ANALYSIS: Smaller players rule A-3
Brazil's independent renewable power developer, Casa do Ventos, won the largest number of contracts at the A-3 power auction, leading a group of smaller developers to dominate Friday’s much-anticipated wind tender.
Large names like Renova Energia, CPFL Renováveis, Tractebel, CIIF and federal power company Eletrosul, stayed out of the bidding, although most registered for part of 6.2GW of projects for the tender.
CPFL Renováveis said that it decided not to participate in this auction because of grid connection risks, availability of machinery and deadlines to conclude projects were too short.
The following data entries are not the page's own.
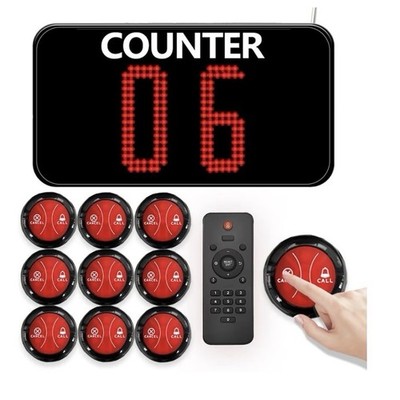 Wireless LED Counter Queue Calling System C12+A2 1+10 w/ Call Buttons & Remote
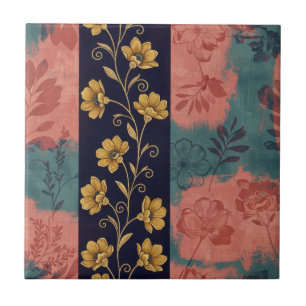 Azulejo Floral Estampado de Raya con Acento Botánico Dorad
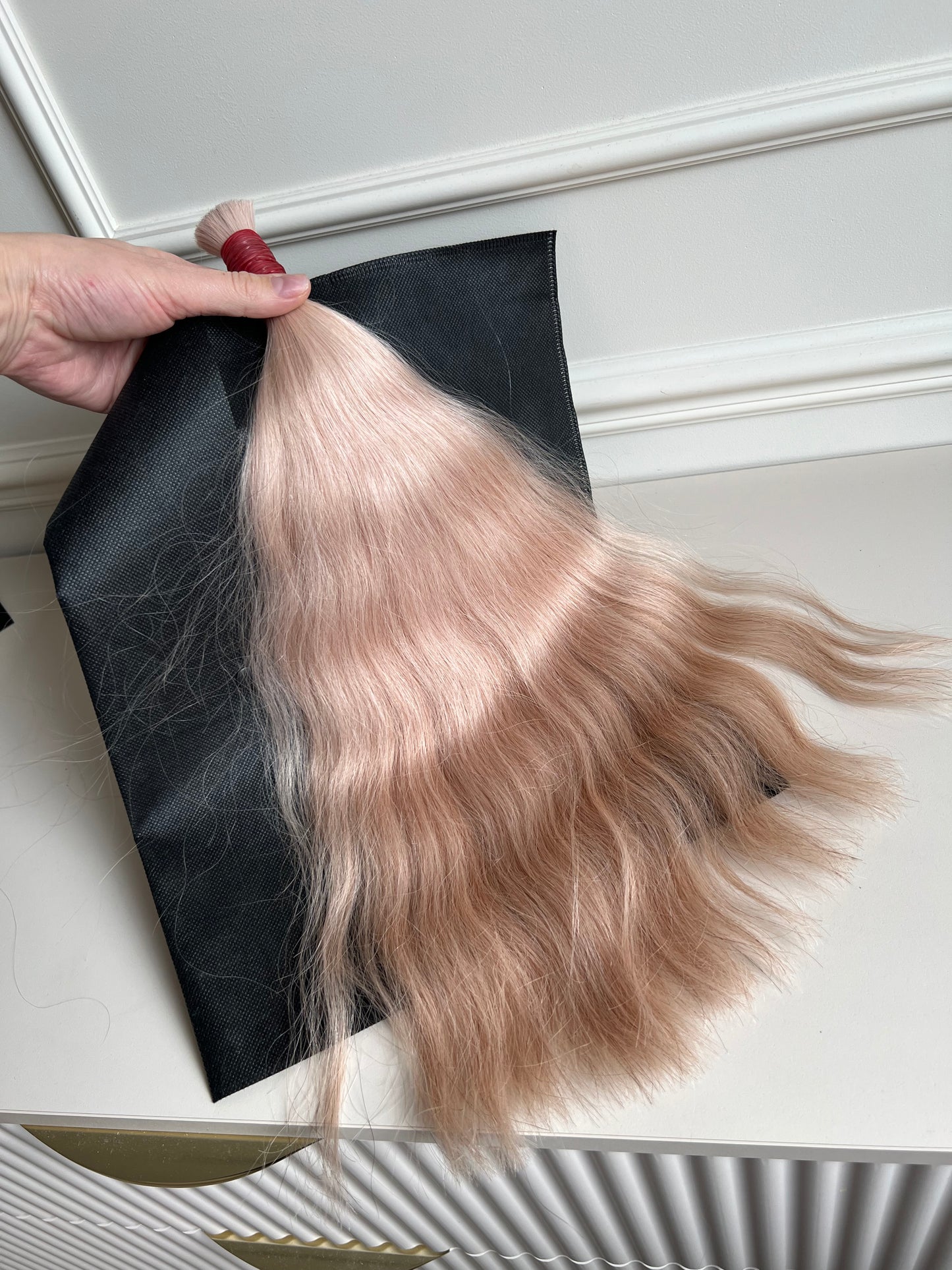 Włosy naturalne do przedłużania w kitce 103 g 45 cm  Pudrowy róż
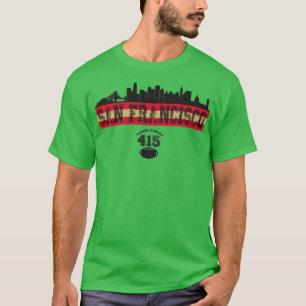 Camiseta Vintage Retro San Francisco Skyline 415 Futebol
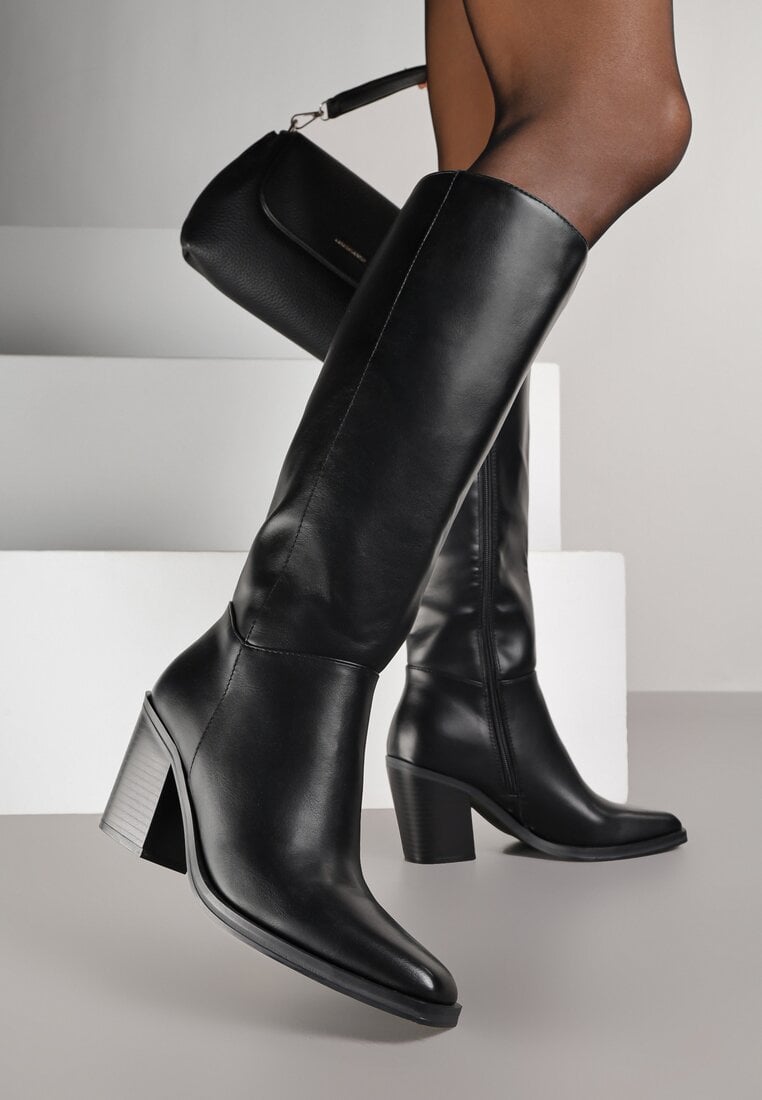 Cizme Negre Casual cu toc gros Movara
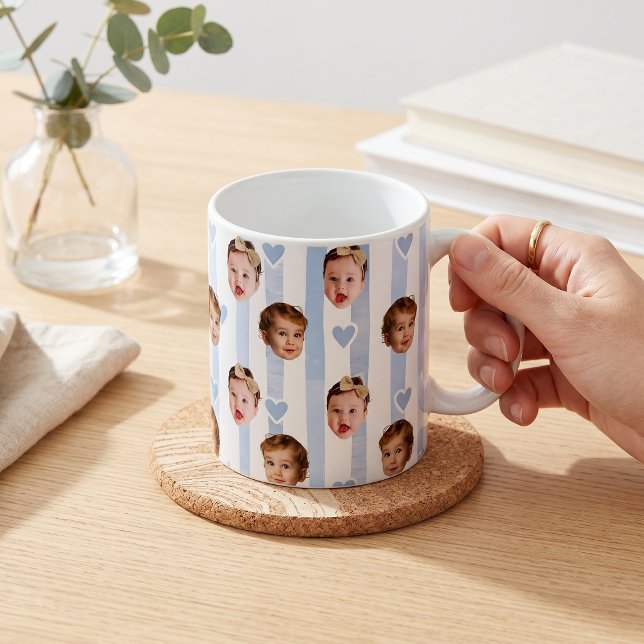 Café Taza de rayas con foto personalizada | Cara de beb (Subido por el creador)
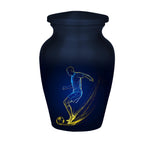 soccer player cremation urn for human ashes, handmade aluminum memorial urn – photo 9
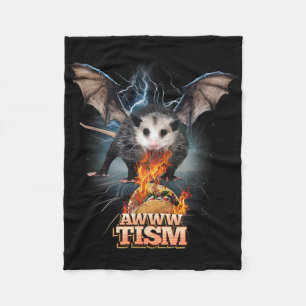 Awww Tism Funny Opossum Bat Spit Fire Opossum Meme Fleece Blanket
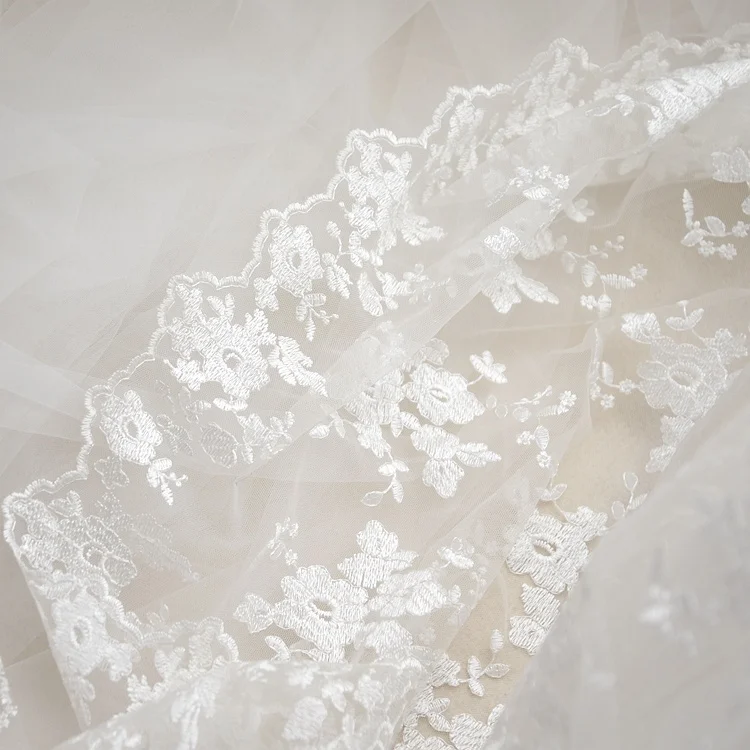 1 метр Роскошная перьевая вышивка кружевная ткань свадебное платье лента отделка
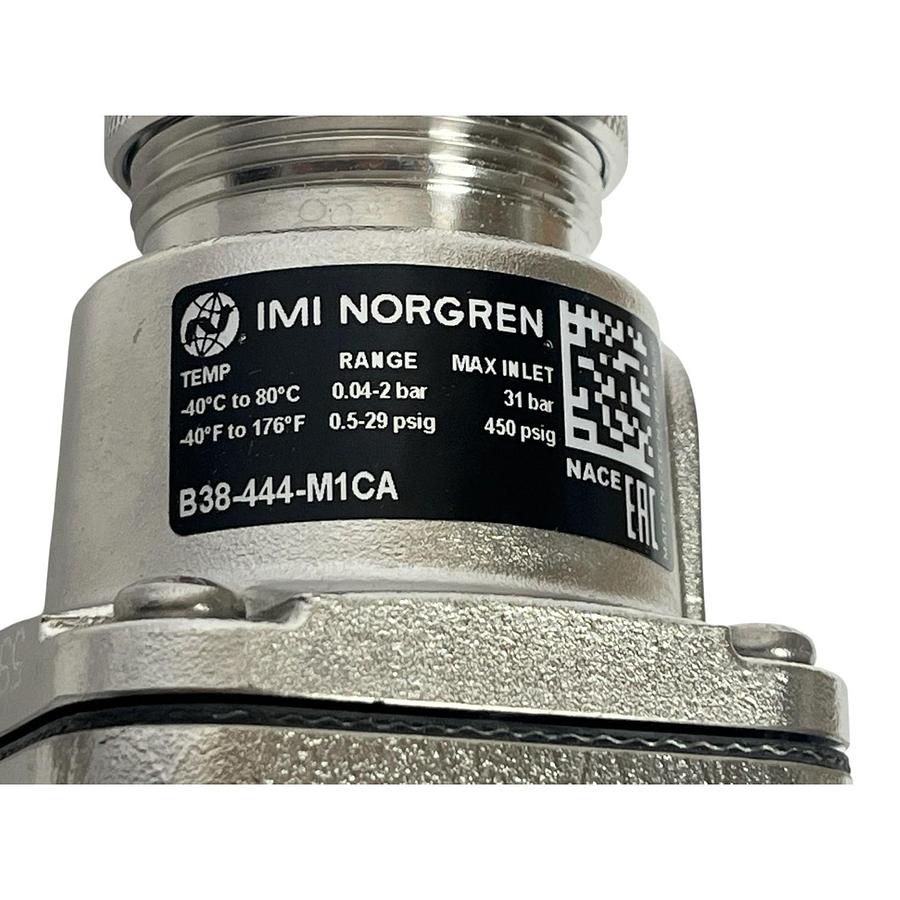 Used IMI Norgren B38-444-M1CA Stainless Steel Filter / Pressure Regulator 1/2" NPT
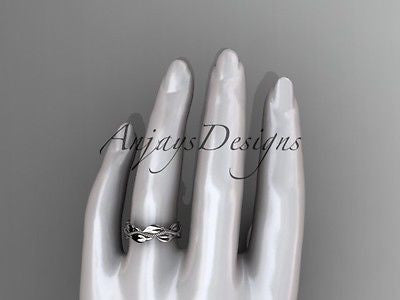 Unique 14k white gold leaf and vine engagement ring, wedding band ADLR258G - Vinsiena Designs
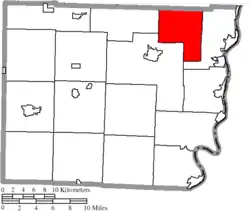 Location of Colerain Township in Belmont County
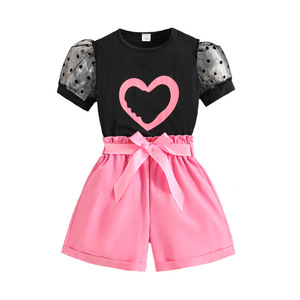 2024 grands enfants vêtements été mode enfants vêtements coeur imprimé T-shirt haut Shorts deux pièces filles tenues pour adolescent - Product Image 3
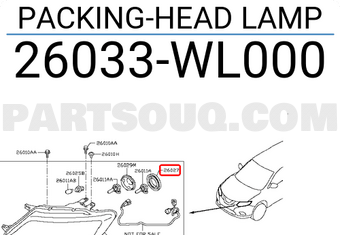 Nissan 26033WL000 PACKING-HEAD LAMP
The company concluded saying that current conditions would not guarantee minimum returns determined by its shareholders.
Analysts say most of the largest players remained on the sidelines to avoid potential risks and costly project delays.
"Brazil's wind power sector is mature and companies are now very experienced in appraising risks,”Elbia Melo, executive president of the Brazilian Windpower Association (Abeeolica) tells Recharge. “They must have opted to participate in this year's other auctions."
She cites risk factors such a transmission connections, higher supply guarantees and regulations that do not allow developers to change more than 10% of projects' layout and capacities.
The only big player in today's tender was Spain's Iberdrola that sold power from three projects in the state of Rio Grande do Norte with a total capacity 84MW.
Mauricio Tolmasquim, the president of Brazil's energy planning authority (EPE), agrees with Melo. After the auction he told reporters that because the projects can be almost automatically registered for other auctions, developers will likely sell power at the A-5 and reserve auction in September and October, respectively.
He believes that biggest risks are the number of projects being developed now – that need to be completed by 2018 - and the bottlenecks in delivery of machinery, towers and blades.
The A-5 auction will be very competitive,”Tolmasquim predicts.
Power sold in today’s auction - 20-year power purchase agreements (PPA) - will come from 21 projects, with total capacity of 551MW. They must be in commercial operation by 2017.
Casa dos Ventos was responsible of eight of the 21 projects, with a total of 220MW. All its projects are located in the state of Pernambuco, in Brazil's windy northeastern region.
Rio Energy, a Brazilian investment fund that represents US equity fund, Denham Capital Management, was the second biggest seller, with five projects in the northeastern state of Ceara. They will have a total capacity of 117MW.
Brazil's Altantic Energias Renováveis sold power from two projects in the southern state of Rio Grande do Sul with 48MW, independent power developers from Pernambuco, Ouro Branco and Eolica Energia sold power from two and one project respectively. Ouro Branco's projects add up to 60MW and Eolica Energia's projects has 22MW.
Melo notes that Abeeólica's 1GW estimate for new projects at this auction came from higher projections for future demand. “We expected demand to be the double what it was and since wind usually accounts for 50% of new projects commissioned. So we expected more,”she says.
But she reaffirms projections that Brazil will maintain the average of at least 2GW in commissioning of new wind power a year to guarantee payback for investments that turbine and equipment makers have made in the country.
"This is the first auction this year, so there are another two opportunities and our yearly commissioning average is still 2.3GW after 4.7GW were contracted last year,” she adds.